The ingenious and incrementally moving solution is to go for broke. Just as Woolf's book beats its head against the bars of the conventional novel of character and narrative, so Katie Mitchell's production bangs its brow against the limitations of the theatre of permanent long-shot and crisply defined roles.

The excellent company of actors, all wearing black, are shown manning a cross between a recording studio, with sound-effect props, and a television studio where we watch people being filmed for the simultaneous and surreally intense close-up shots.

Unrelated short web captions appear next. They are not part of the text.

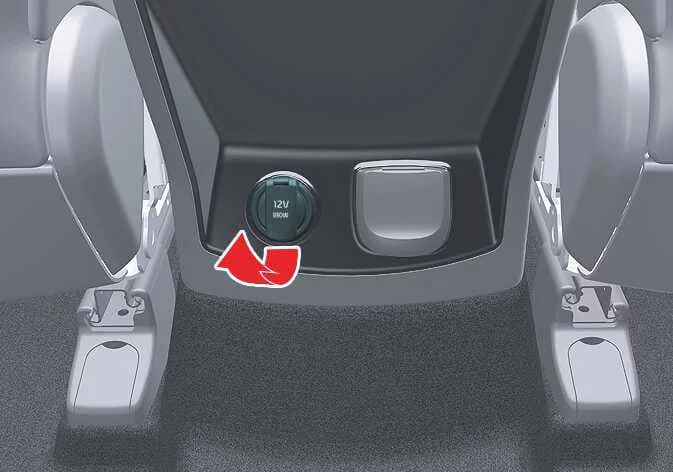 Plugging the compressor power cable into the Kia Sorento accessory power outlet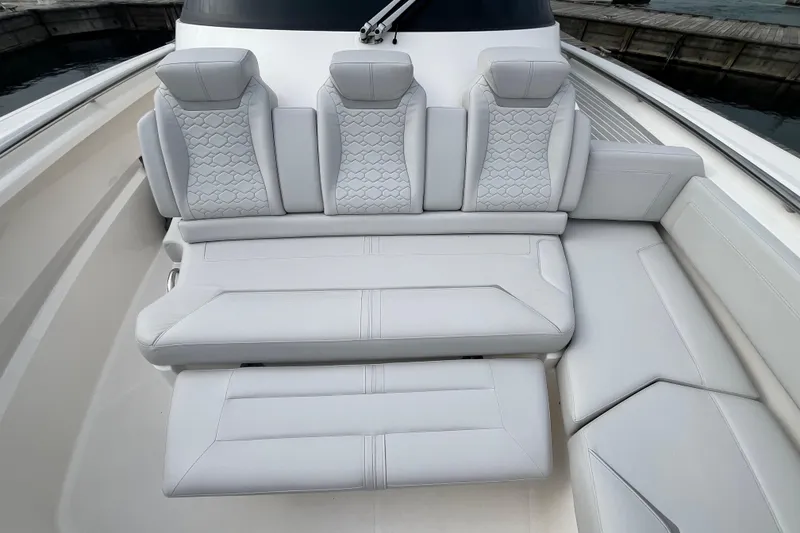 Slide: The Image of 2023 Tiara Yachts 43 LS luxury seating with elegant white upholstery. - 34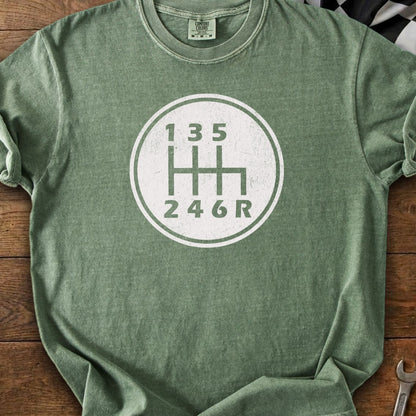 Green t-shirt with a white graphic of a 6-speed manual transmission shift pattern.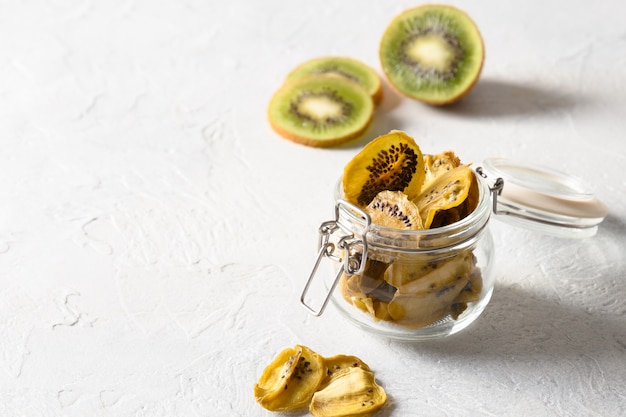 Tranches de chips de kiwi fruits végétaliens dans un bocal en verre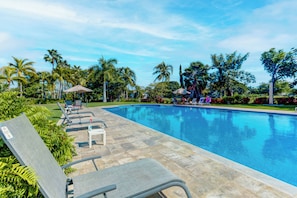Ein Pool mit Liegestühlen und Sonnenschirmen, umgeben von Palmen und Grünpflanzen.
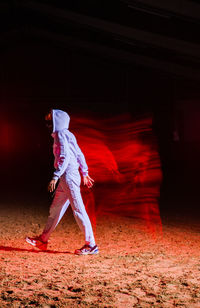 Full length side view of man standing against red umbrella at night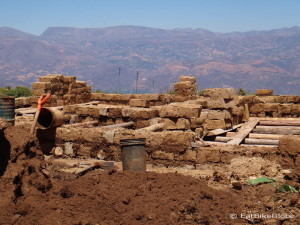 House being constructed out of mud bricks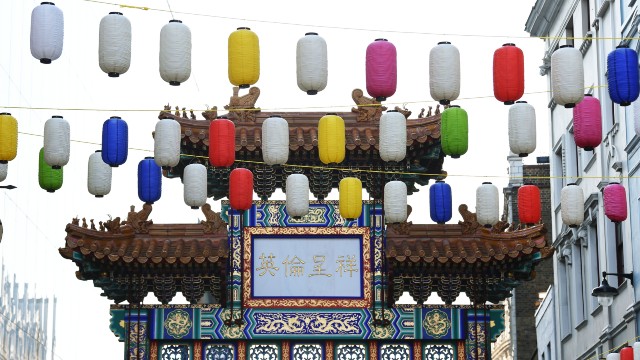 Wander the streets of Chinatown as it's adorned with colourful lanterns. Credits: Stuart Wilson/Getty Photography. The iconic Chinatown gate with colourful lanterns at the top.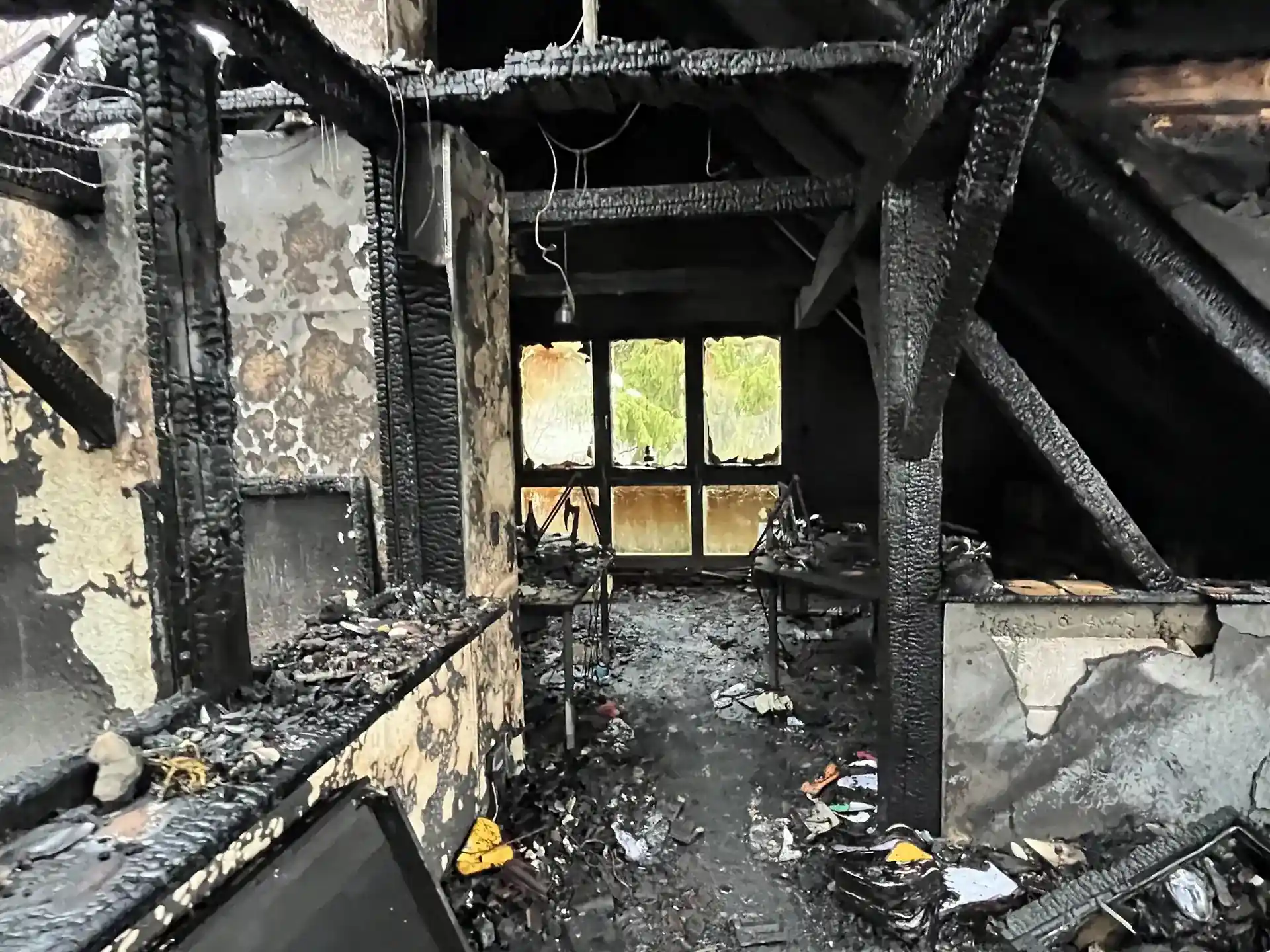 Zerstörter Dachboden nach Brandschaden. Die Holzbalken sind stark verkohlt, das Dach ist teilweise eingestürzt und die Fenster zerborsten. Auf dem Boden liegen Schutt und Asche.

The piece is about the extent of our profound craving to feel part of a wholeness greater than individuality and the contrasting strength of our compulsion to retain the ego that feels jealousy, insecurity, sexual infatuation - things that are here surmounted only briefly in joint hero-worship of the dream-boat Perceval, who unfortunately dies.

The overhead camera angles and the twitchy surrealism of the shots reminded me of the work of the great Czech film-maker Jan Svankmajer, while the sensibility of a piece drenched in its own pre-nostalgia and desperate to get to the oceanic depths where difference is virtually a solecism recalled for me Raul Ruiz's great work in translating Proust to the screen.

True, at the start you may feel that you have wandered into a sect whose obscure practices you have been left to pick up on the hoof. And true, too, there is a thuddingly unfunny visual about gay infatuation that involves an avidly chomped down banana. But how marvellous that the National is prepared to go out on a limb on a production of such experimental calibre and coherence.